This article provides insights into the backup and restore methods used for protecting your Azure SQL resources. Before backing up your SQL resources, you must configure your resources for backup and restore. For more information, see Quick reference guide.

Backup methods

We support the following backup types:

Full

After you configure your Azure SQL resources for backup, Druva performs a full backup of the databases on your server hosts based on the backup policy.

The Druva's Quantum Bridge executes a full scan of all the databases included in the backup. For FULL backups, the complete database is backed up everytime and then deduplication is applied. When the backup job is successful, Druva creates a recovery point in your storage.

Change Data Capture (CDC)

When we take a FULL backup, the backed-up data might not be transactionally consistent. This means that if any transactions happen on the database during the backup, those changes will not get captured in the backup and we might lose out on that data.

To overcome this issue, our data protection solution utilizes Microsoft’s Change Data Capture (CDC) feature to track changes made to the database without modifying the original schema. CDC records changes made to the database such as inserts, updates, and deletes, and stores this information in special CDC tables, making it easily consumable for further use. You can use this information for taking incremental backups and syncing data across systems. Using CDC, you can have transactionally consistent copies of data for backup. For more information, see What is change data capture (CDC)?


Important:

Before taking CDC backups, configure the settings mentioned here. Failure to do so might result in the database being skipped from backups or failed backups.


CDC backup scenarios

This section describes different scenarios that might occur for CDC backups, the action Druva takes, and recommended actions required if any:

First backup scenarios

Scenario

Action taken

Recommended action

CDC is disabled on the database.

Druva enables CDC on the database. For more information, see Backup Prerequisites.

Make sure you have the sysadmin role for CDC to be enabled. For more information, see Backup Prerequisites.

CDC is enabled on the database but there is a mismatch due to the following reasons:

  • The continuous and retention parameters in the capture and cleanup job respectively, have values other than the recommended ones.

  • CDC is not enabled for all tables

  • CDC is not capturing changes to all columns

Druva skips that database from the backup and the backup completes with errors.

Configure the recommended settings for CDC backups and try again. For more information, see Backup Prerequisites.

CDC is enabled manually

The database is considered for backup. However, Druva does not perform cleanup of CDC data post backup.

Cleanup the database by configuring recommended cleanup job settings. Set the retention parameter to minimum 1 day. For more information, see Backup Prerequisites.

Subsequent backup scenarios

Scenario

Action taken

CDC is disabled between backups.

  • The backup is converted to a FULL backup.

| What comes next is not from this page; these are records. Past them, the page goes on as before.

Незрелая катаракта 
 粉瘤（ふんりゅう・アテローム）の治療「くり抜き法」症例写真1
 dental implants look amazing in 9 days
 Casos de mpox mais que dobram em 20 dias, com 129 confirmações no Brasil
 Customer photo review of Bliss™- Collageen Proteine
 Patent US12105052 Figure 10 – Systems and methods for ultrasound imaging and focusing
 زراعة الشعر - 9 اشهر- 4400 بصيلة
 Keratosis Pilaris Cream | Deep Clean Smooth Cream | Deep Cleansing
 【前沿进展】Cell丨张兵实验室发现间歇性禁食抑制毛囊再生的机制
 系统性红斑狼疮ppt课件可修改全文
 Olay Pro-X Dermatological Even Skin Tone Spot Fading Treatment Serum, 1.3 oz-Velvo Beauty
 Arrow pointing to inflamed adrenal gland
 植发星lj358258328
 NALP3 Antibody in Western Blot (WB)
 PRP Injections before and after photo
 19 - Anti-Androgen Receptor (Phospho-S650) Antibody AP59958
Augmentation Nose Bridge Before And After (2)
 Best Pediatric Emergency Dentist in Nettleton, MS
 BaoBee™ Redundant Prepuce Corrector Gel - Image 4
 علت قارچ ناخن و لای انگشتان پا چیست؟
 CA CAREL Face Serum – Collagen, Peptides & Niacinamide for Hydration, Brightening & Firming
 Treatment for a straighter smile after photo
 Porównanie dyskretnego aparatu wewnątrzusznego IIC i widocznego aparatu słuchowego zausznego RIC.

  • CDC is enabled by Druva.

  • Continue with the backup.

CDC is enabled on the database by Druva but does not match the required configuration.

  • The backup is converted to a FULL backup.

  • CDC is disabled and reenabled again.

  • Continue with the backup.

To enable CDC on database and tables, see Enable CDC on database and tables.

Isolated Copy Data Protection


❗Important

To sign up for this feature, contact Support.


Druva’s Isolated Copy Protection provides a high-integrity, cloud-native backup framework designed for the modern Azure SQL ecosystem. By utilizing an ephemeral, agentless architecture, Druva orchestrates a transient "Copy-and-Export" workflow that ensures zero impact on your primary production workloads. Unlike traditional methods that may require invasive database-level configurations, this feature leverages native Azure COPY and bcp utilities to create transactionally consistent, air-gapped backups in the Cloud.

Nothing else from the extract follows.